Für einen Klub, dessen Glanz in den letzten Jahren stark verblasst ist, sind das verrückte Transfers.

Vor sechs Jahren hat Milan zuletzt die Meisterschaft geholt, in der Champions League waren die Mailänder jahrelang außen vor.

Seit vier Jahren gab es nicht mal mehr eine Partie in der Europa League. Und die abgelaufene Saison beendete Milan als Sechster.

Mister Li hat vertraglich zugesichert, pro Jahr 150 Millionen Euro zu investieren. Da lacht der Geldbeutel und die Fans freuen sich auf noch mehr Top-Stars in den kommenden Jahren.

Angeblich sei der Chinese der einzige Investor, die Gerüchte, dass gleich ein ganzes Netz an Geldgebern aus Fernost hinter den großen Plänen und dem vielen Geld stecke, weist Li brüsk von sich.

Mit Phosphat-Minen und Immobilien hat Li ein Vermögen von geschätzten 600 Millionen Euro angehäuft. Das ist eine Menge Geld.

Undurchsichtige Finanzierung beim AC Mailand

Beim astronomischen Kaufwert und den versprochenen Investitionen kommt Milan aber bereits im kommenden Jahr über die Eine-Milliarde-Euro-Grenze - und das ist mehr Geld, als Li alleine beschaffen kann.

Seine Firma soll eine Briefkastenfirma sein, die letzte Tranche im April über 300 Millionen Euro bezahlte der amerikanische Hedgefonds "Elliot Management Group".

Irgendwann wird Li den Amerikanern das vorgestreckte Geld zurückzahlen müssen, ansonsten geht Milan automatisch in Besitz der Elliot Group über.

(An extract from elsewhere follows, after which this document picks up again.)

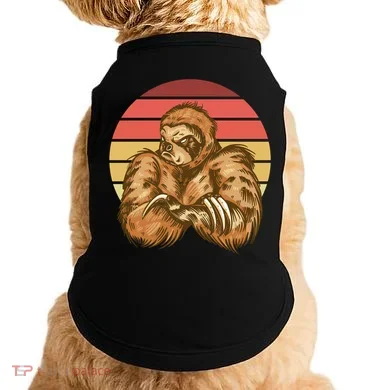 Grumpy Sloth Retro Sunset Doggie Tank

Ein solide aufgebauter Klub ist Milan trotz der immensen Investitionen der letzten Wochen nicht und auch meilenweit von einem gesunden organischen Wachstum entfernt.

Sollte Trainer Vincenzo Montella es tatsächlich schaffen, aus einem Haufen begnadeter Einzelspieler eine echte Mannschaft zu formen, könnte Milan in naher Zukunft tatsächlich wieder in die Champions League zurückkehren.

Wie nachhaltig und stabil das Konstrukt aber ist, kann derzeit kaum jemand abschätzen. Also wird bis auf Weiteres einfach weiter eingekauft.

Milan bekommt Aubameyang nicht

Ein Mittelfeldspieler und ein Mittelstürmer sollen noch kommen, starkes Interesse gibt es an Bayerns unzufriedenem Renato Sanches.

Andrea Belotti von Torino und Alvaro Morata von Real Madrid stehen als Angreifer hoch im Kurs.

An einem Wunschspieler hat sich aber auch der gönnerhafte Mister Li zuletzt die Zähne ausgebissen.

Pierre-Emerick Aubameyang, der Milan einst für eine lumpige Million Ablöse verließ, wird nicht zu den Rossoneri zurückkehren.

Borussia Dortmund lässt den Gabuner nicht ziehen. Vielleicht hat Aubameyang aber auch keine Lust auf eine ungewisse Zukunft.